When you reach a picture, skip it, and retype every line below exactly.

··· RAW DATA ···

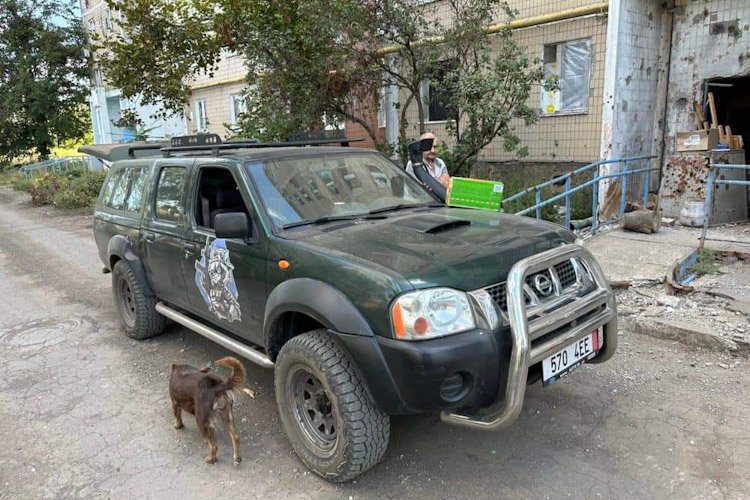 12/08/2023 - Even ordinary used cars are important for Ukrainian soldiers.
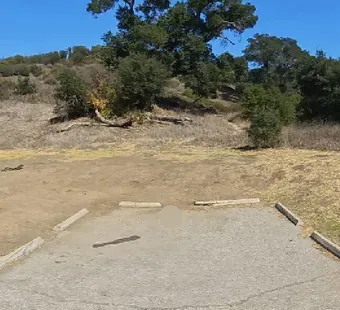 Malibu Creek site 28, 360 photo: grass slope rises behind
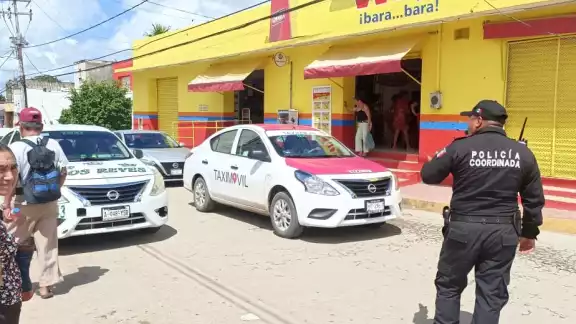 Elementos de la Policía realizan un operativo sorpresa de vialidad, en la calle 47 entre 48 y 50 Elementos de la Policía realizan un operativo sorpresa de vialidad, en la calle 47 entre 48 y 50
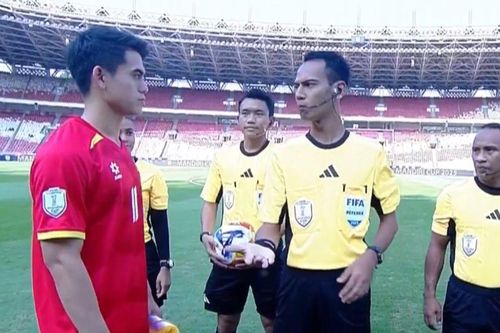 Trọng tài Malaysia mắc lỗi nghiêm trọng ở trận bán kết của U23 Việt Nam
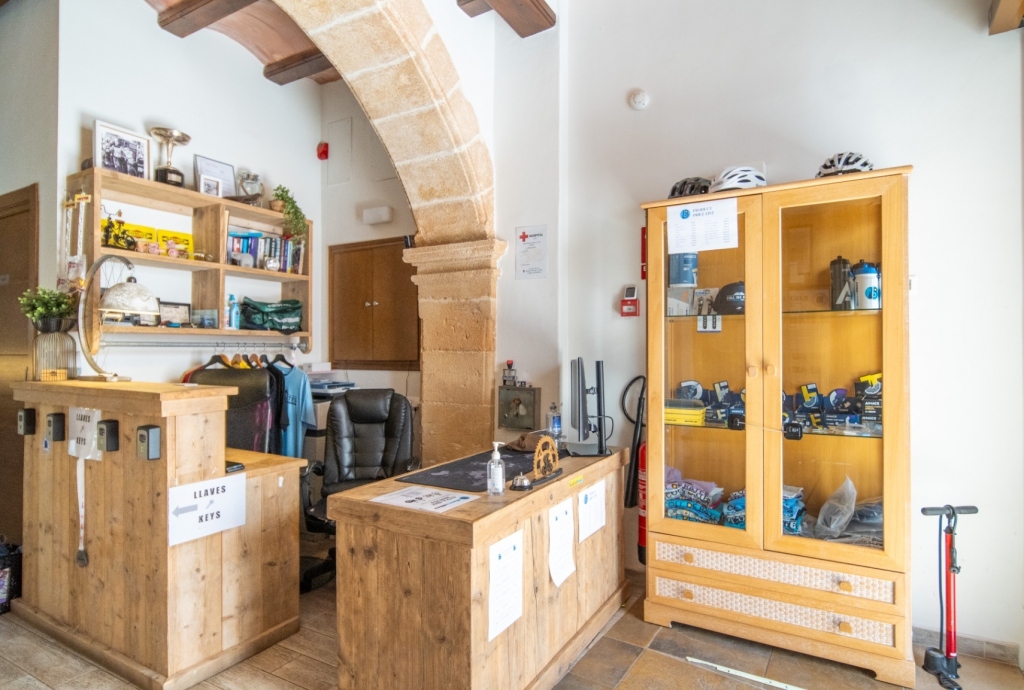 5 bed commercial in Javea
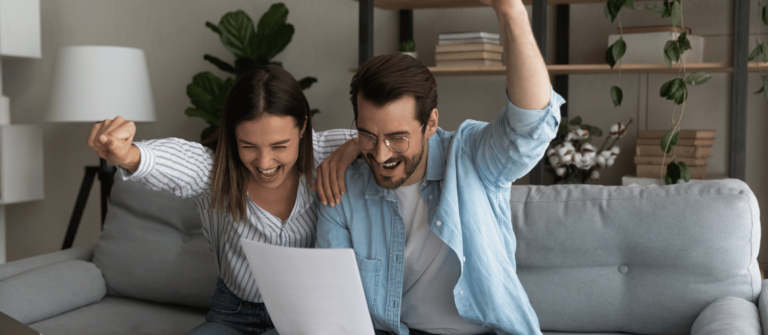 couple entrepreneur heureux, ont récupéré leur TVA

···

## RESPONSE TO THE EXERCISE
 12/08/2023 - Even ordinary used cars are important for Ukrainian soldiers.
 Malibu Creek site 28, 360 photo: grass slope rises behind
 Elementos de la Policía realizan un operativo sorpresa de vialidad, en la calle 47 entre 48 y 50 Elementos de la Policía realizan un operativo sorpresa de vialidad, en la calle 47 entre 48 y 50
 Trọng tài Malaysia mắc lỗi nghiêm trọng ở trận bán kết của U23 Việt Nam
 5 bed commercial in Javea
 couple entrepreneur heureux, ont récupéré leur TVA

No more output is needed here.